Every line of the material must be given again verbatim. Skip the images.

# Material provided:
⁂
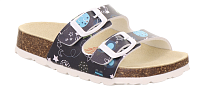 Сандалии БИО SUPERFIT для мальчика, синие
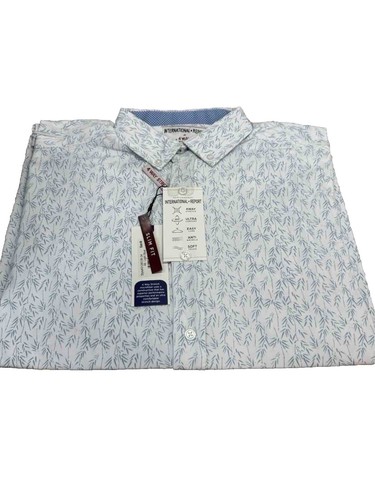 Suitsupply Extra Slim Fit Chemise Habillée Homme M Boutonné Blanc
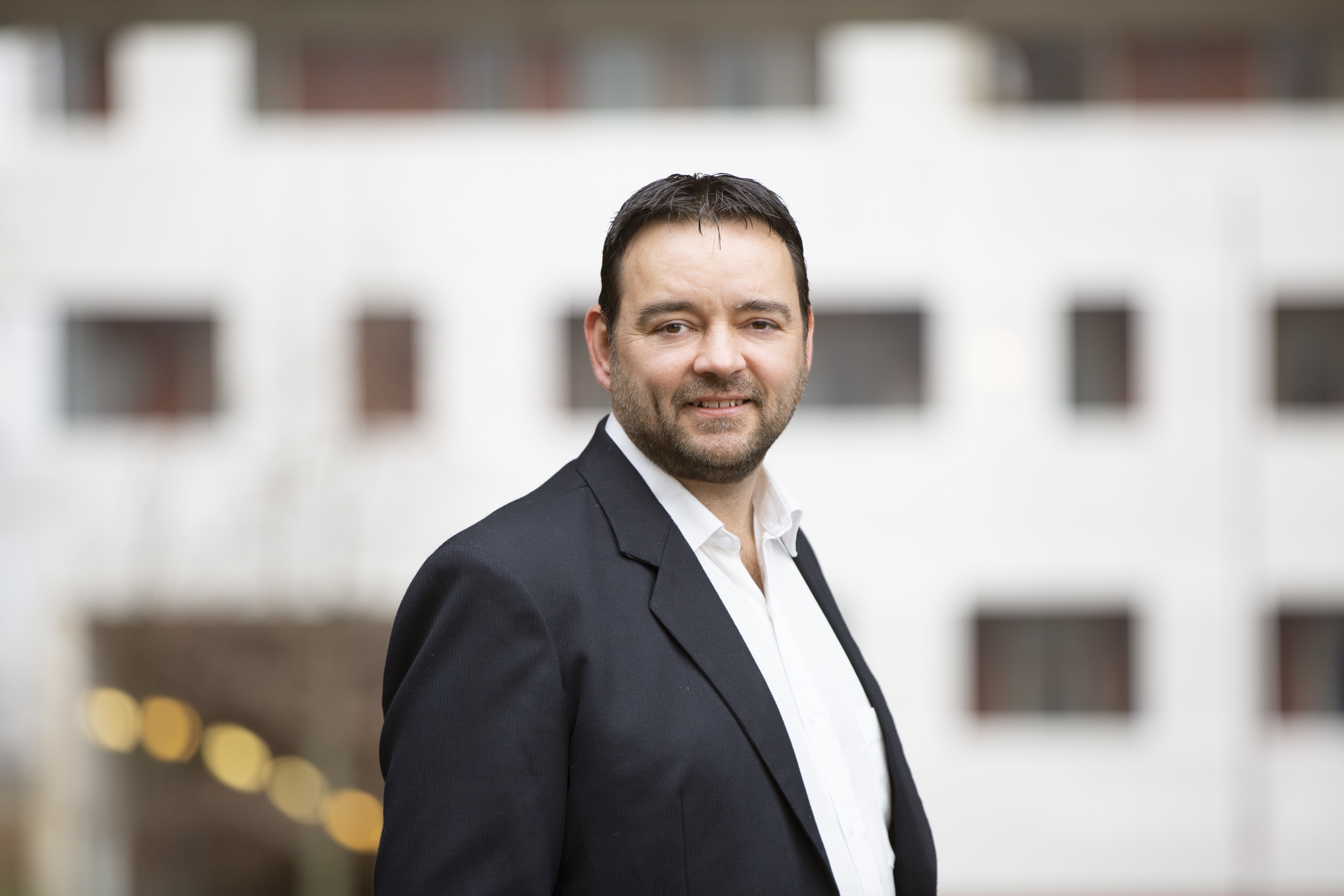 Stian Miljeteig - Newsec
⁂
# Result:
 Сандалии БИО SUPERFIT для мальчика, синие
 Suitsupply Extra Slim Fit Chemise Habillée Homme M Boutonné Blanc
 Stian Miljeteig - Newsec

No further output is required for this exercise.